The reason why you think they are unnecessary is:
a) because you are too familiar with the form, and
b) overuse of the same verb - 'Enter'.
For someone who has never seen the form before, the verb can be a vital clue as to what is expected of them in terms of typing a response, or selecting an option.
In order to reduce the repetitive nature and monotony of using the same verbs across a long survey type of form, you may find it useful to vary the exact words used.

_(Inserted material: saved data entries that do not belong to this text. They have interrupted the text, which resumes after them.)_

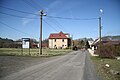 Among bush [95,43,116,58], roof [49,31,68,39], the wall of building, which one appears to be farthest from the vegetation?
roof [49,31,68,39]

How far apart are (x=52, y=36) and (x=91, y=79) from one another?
96.6m

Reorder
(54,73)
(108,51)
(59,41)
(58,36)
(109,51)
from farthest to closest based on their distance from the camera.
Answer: (58,36) < (59,41) < (108,51) < (109,51) < (54,73)

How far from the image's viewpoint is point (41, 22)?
35.1 m

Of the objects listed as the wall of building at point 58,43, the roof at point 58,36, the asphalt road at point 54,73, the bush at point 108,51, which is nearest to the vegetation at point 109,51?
the bush at point 108,51

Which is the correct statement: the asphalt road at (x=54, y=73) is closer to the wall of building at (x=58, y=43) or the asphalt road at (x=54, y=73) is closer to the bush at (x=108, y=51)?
the bush at (x=108, y=51)

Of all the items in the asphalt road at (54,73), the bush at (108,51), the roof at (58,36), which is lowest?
the asphalt road at (54,73)

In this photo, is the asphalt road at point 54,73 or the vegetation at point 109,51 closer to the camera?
the asphalt road at point 54,73

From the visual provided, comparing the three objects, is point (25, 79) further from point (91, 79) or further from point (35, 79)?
point (91, 79)

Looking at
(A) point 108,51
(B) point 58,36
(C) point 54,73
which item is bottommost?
(C) point 54,73

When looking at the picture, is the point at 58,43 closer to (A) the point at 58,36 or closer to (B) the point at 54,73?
(A) the point at 58,36

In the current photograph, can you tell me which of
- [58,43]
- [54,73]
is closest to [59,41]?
[58,43]

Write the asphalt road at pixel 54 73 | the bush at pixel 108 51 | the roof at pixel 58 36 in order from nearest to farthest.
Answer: the asphalt road at pixel 54 73, the bush at pixel 108 51, the roof at pixel 58 36

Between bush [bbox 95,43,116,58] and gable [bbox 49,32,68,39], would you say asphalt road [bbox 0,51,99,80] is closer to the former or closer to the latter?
bush [bbox 95,43,116,58]

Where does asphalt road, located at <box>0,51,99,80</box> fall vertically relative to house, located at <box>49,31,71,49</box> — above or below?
below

However, a good alternative is simply to rephrase as questions, especially where it's a number involved in the answer. In fact by using a question style like a census (Think along the lines of "Who usually lives here?", "List the names of...", "What type of accommodation is this?", "Who is your landlord", "How many of these rooms are bedrooms?") you implicitly indicate to the reader what kind of response is require without having to include words like 'Enter', 'Select', 'Choose'.
A brief but clearly worded question establishes some basis for being able to make sense of what is wanted - without doubt. Just having the label 'Landlord' for example might mean 'Do you have a landlord?', 'Are you a landlord?', 'Who is your landlord?'.
So brevity is good, but clarity is even better - and especially if there's any possible reason for ambiguity. The 2011 UK census doesn't even just say 'Name', it says 'What is your name?', and believe me, census forms have to be filled in by anyone and everyone.
You may also want to consider adding a please to the first item as a polite way to kick things off. (No need to do it on all subsequent items)
So for example:
- Please choose a shift:
- What top 3 skills do you consider critical to the job:
- Enter any certifications:
- Where is your work venue:
- How many beds at your location?
- How many people do you manage both directly and indirectly?